Over the past two years I have thought about this family often. Wondering what these missing pieces of Theo’s full story could mean to him someday and how this husband and wife played such a intricate part in ensuring our son’s survival that day. As many of you know life has been a little crazy for us lately, but for some reason this year, Theo’s 3rd birthday and 2nd year anniversary of being a Baumeister, has been very emotional for me. Specifically toward his past and birth origins. I feel the tension of being so grateful for his life, but sadness for his birth family, and a little bit of still figuring it all out. I struggle with the idea that we will never truly know Theo’s real birth date. I think for me the its hard because the birth of my other three children was such a joyous, memorable day that I get to remember every year, and selfishly I wish I could have those memories with him.
Working through many of my emotions, we decided to send a letter to the family that found Theo. The piece of paper I had from our encounter with them in China gave me something like an email address for their oldest son.
You might not realize that in China people don’t have email, Facebook and other social media options due to the strict regulations from the government. In China this is called Policy of Internet Censorship.
This being said the family had given me a “QQ” address. “QQ” is kind of like a social media used in China to communicate. I sent the letter and pictures. After roughly 2 weeks of not hearing anything back I was angry at myself that I had let 2 years go by without reaching out to them.
At the end of February I took my three youngest to the park. I rarely go to the park anymore, but a friend had invited me. It just so happens that there were a lot of people at the park because it was a beautiful day. Nora and Theo were on the tire swing when an Asian lady approached us. She was young, beautiful, and appeared to be several months pregnant. She had a little boy about 18months old that she was running after. She didn’t say anything, but I noticed her looking at Theo. It’s like she was trying to connect the dots between us. She smiled at me as I could tell she wanted to ask but didn’t. Eventually, I asked her where she was from and she said China. She responded and asked if he was “my boy” and I smiled and said yes. It always brings me joy to call him “my boy”. As we continued making small talk I asked her what Province she was from. Her eyes got big. Probably because most white people don’t ever ask where in China… because most white people don’t know much more than cities like Beijing and Shanghai. She said the Shandong province. I smiled and said that is where “my boy” is from. She got very excited… really. I told her “yes, he is from Jinan”. She got even more excited. “That is where my brother lives”.
I couldn’t believe it! What are the chances this city in China would be a common denominator in our lives? We probably talked for the next half hour about many things, but at the end of the conversation I took a leap of faith and started to tell her about the family who found him, the letter I sent to the “QQ” address. I am not sure why I told her. We really didn’t talk much about adoption or Theo’s story at all during our conversation up to this point. It was like the Holy Spirit was doing the talking for me. She looked at me point blank and said, “We don’t use ‘QQ’ anymore in China”. She was so confident in her answer that my heart sank. I said “really?”. She proceeded to tell me that they change communication frequently due to websites being blocked. “We use WEE-CHAT now”.

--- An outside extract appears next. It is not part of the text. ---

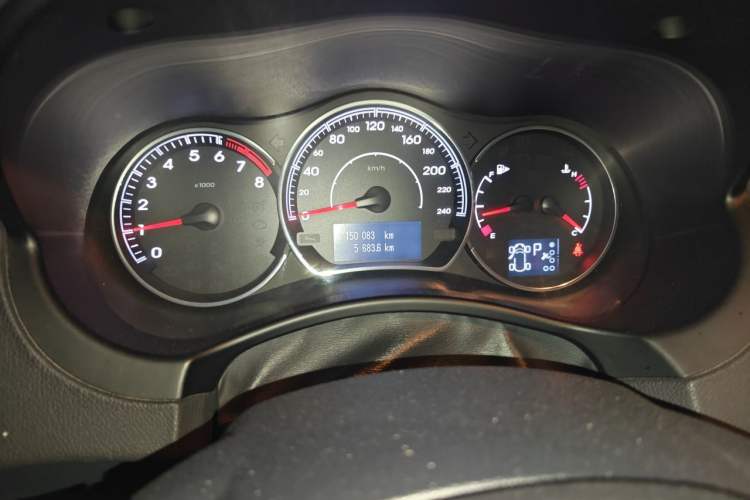 Used Renault Koleos 2014 Revised Version 2.0L Two-Wheel Drive Smart Enjoyment Edition Odometer Close Up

After hearing this it brought me joy to know that the family might not be ignoring my email after all, they just never got it! That very moment my heart sank for a 2nd time as I felt sorrow that I may never find this couple again. Theo would never know his finding story.
The lady at the park is named Vivian. Vivian and I exchanged contact information and went on our way. She told me to send her a picture of the hand written “QQ” information I had from the family and she would try and search for them on WEE-CHAT.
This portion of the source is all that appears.